The entries below contain pictures. Write out only the lines from the line with "And the place" up to and including the line with "Okay, download the", exactly, without them.

** Entries supplied **
[Start of Attachment]

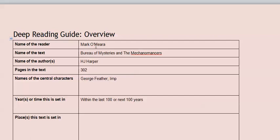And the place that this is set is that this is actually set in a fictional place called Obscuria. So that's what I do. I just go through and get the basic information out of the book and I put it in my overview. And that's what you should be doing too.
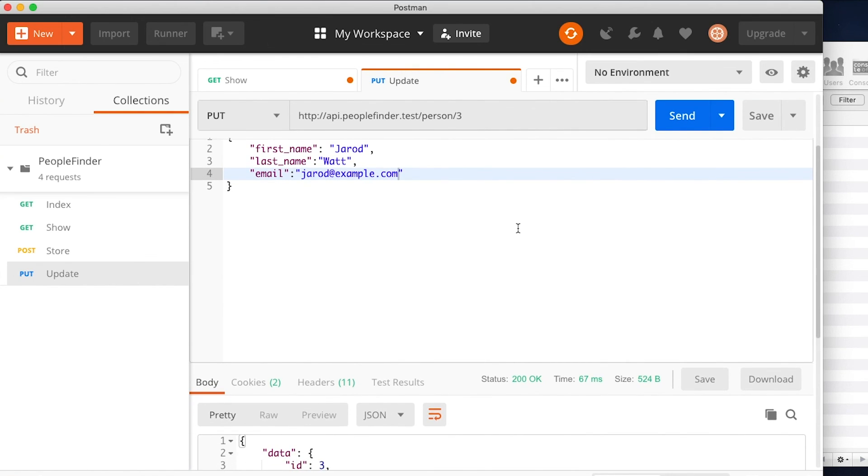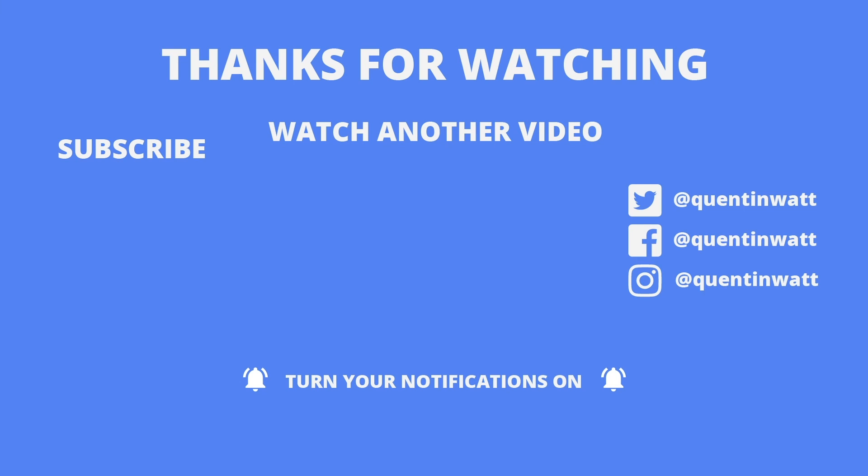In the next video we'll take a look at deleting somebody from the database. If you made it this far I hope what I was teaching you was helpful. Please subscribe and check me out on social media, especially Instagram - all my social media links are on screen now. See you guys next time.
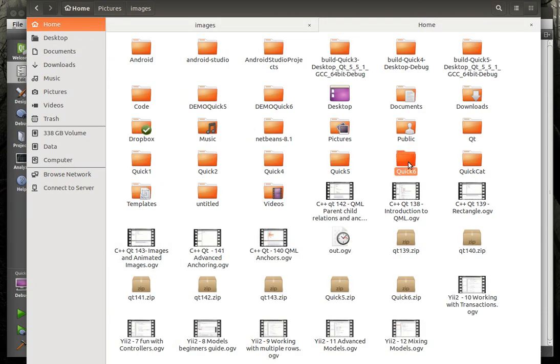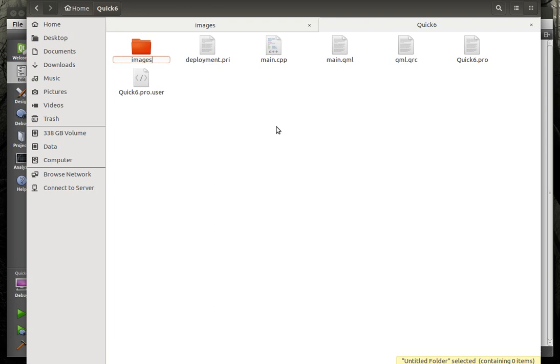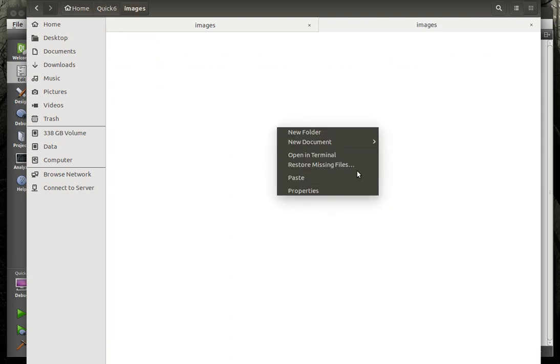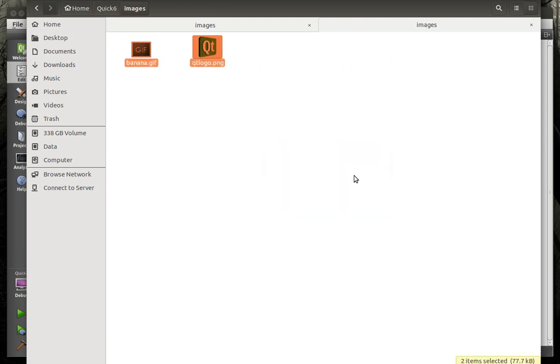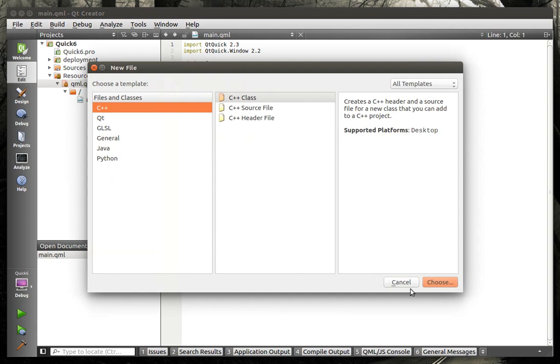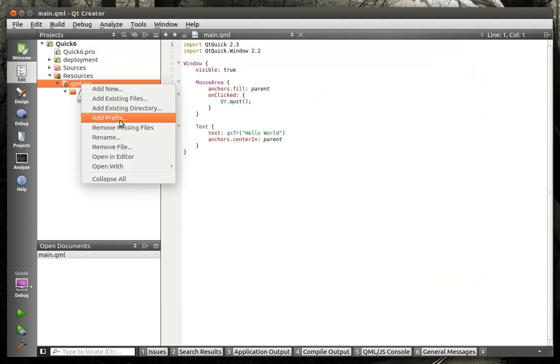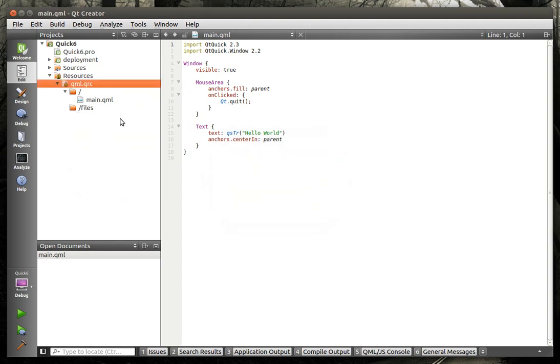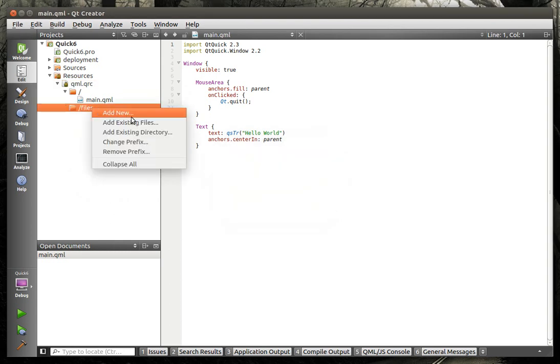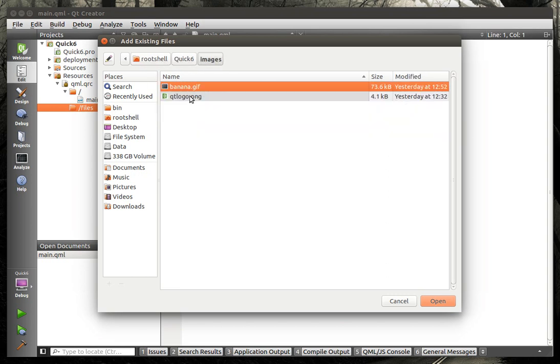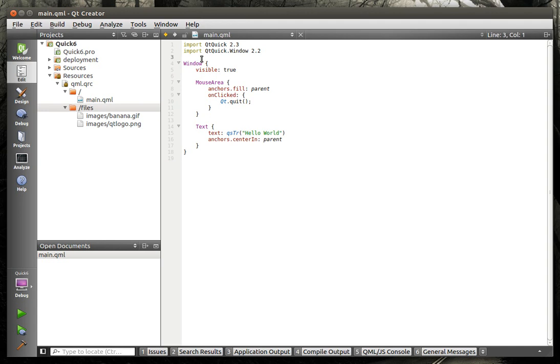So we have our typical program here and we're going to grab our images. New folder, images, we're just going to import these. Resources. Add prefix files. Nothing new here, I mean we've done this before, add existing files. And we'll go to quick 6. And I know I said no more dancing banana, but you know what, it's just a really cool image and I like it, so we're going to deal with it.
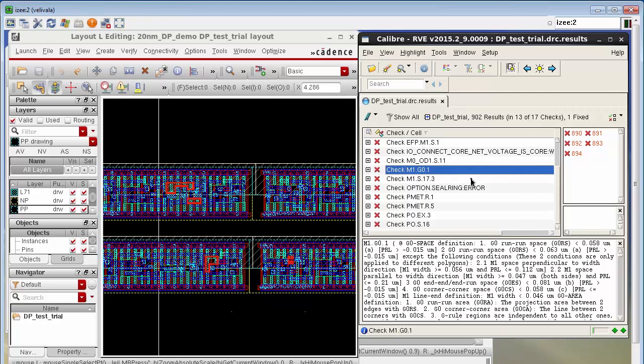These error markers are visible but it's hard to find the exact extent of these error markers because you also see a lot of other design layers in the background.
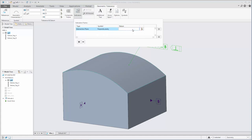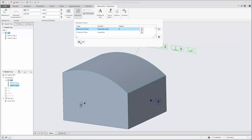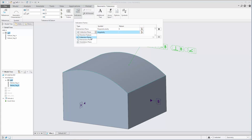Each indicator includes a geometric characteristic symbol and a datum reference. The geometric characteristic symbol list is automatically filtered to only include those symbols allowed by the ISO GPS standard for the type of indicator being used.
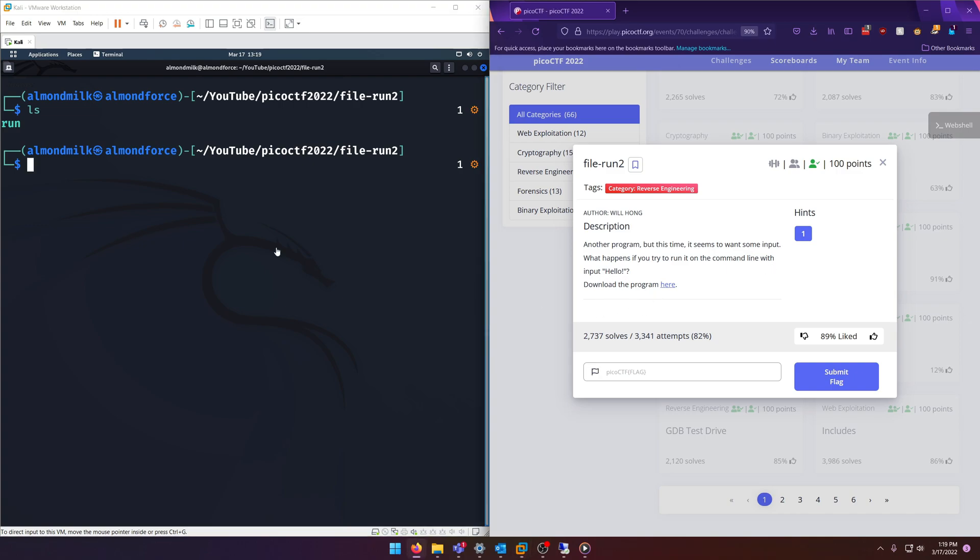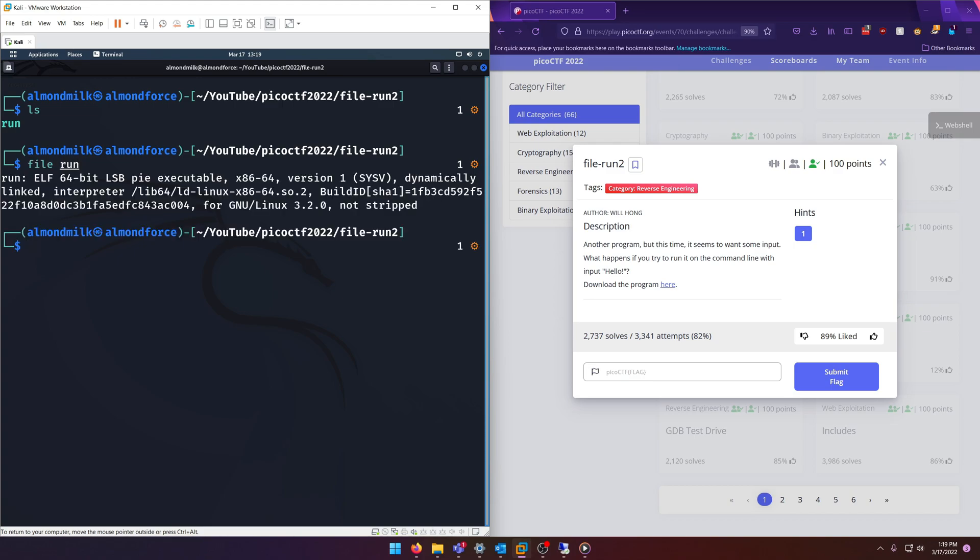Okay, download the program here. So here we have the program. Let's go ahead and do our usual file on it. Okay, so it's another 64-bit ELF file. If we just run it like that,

[End of Attachment]
[Start of Attachment]

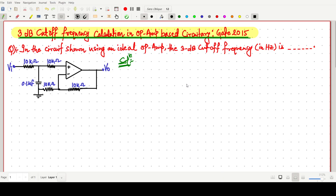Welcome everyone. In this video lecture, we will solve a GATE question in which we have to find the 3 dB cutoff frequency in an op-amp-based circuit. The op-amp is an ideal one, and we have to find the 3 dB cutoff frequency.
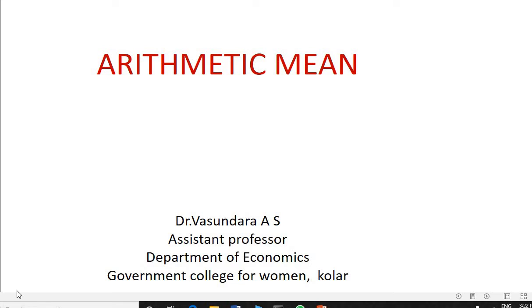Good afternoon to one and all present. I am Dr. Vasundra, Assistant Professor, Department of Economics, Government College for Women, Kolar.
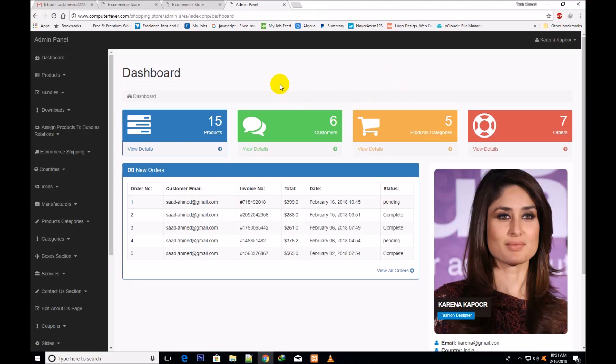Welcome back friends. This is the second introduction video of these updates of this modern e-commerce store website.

[End of Attachment]

** Response area **
And the place that this is set is that this is actually set in a fictional place called Obscuria. So that's what I do. I just go through and get the basic information out of the book and I put it in my overview. And that's what you should be doing too.
In the next video we'll take a look at deleting somebody from the database. If you made it this far I hope what I was teaching you was helpful. Please subscribe and check me out on social media, especially Instagram - all my social media links are on screen now. See you guys next time.
So we have our typical program here and we're going to grab our images. New folder, images, we're just going to import these. Resources. Add prefix files. Nothing new here, I mean we've done this before, add existing files. And we'll go to quick 6. And I know I said no more dancing banana, but you know what, it's just a really cool image and I like it, so we're going to deal with it.
These error markers are visible but it's hard to find the exact extent of these error markers because you also see a lot of other design layers in the background.
Each indicator includes a geometric characteristic symbol and a datum reference. The geometric characteristic symbol list is automatically filtered to only include those symbols allowed by the ISO GPS standard for the type of indicator being used.
Okay, download the program here. So here we have the program. Let's go ahead and do our usual file on it. Okay, so it's another 64-bit ELF file. If we just run it like that,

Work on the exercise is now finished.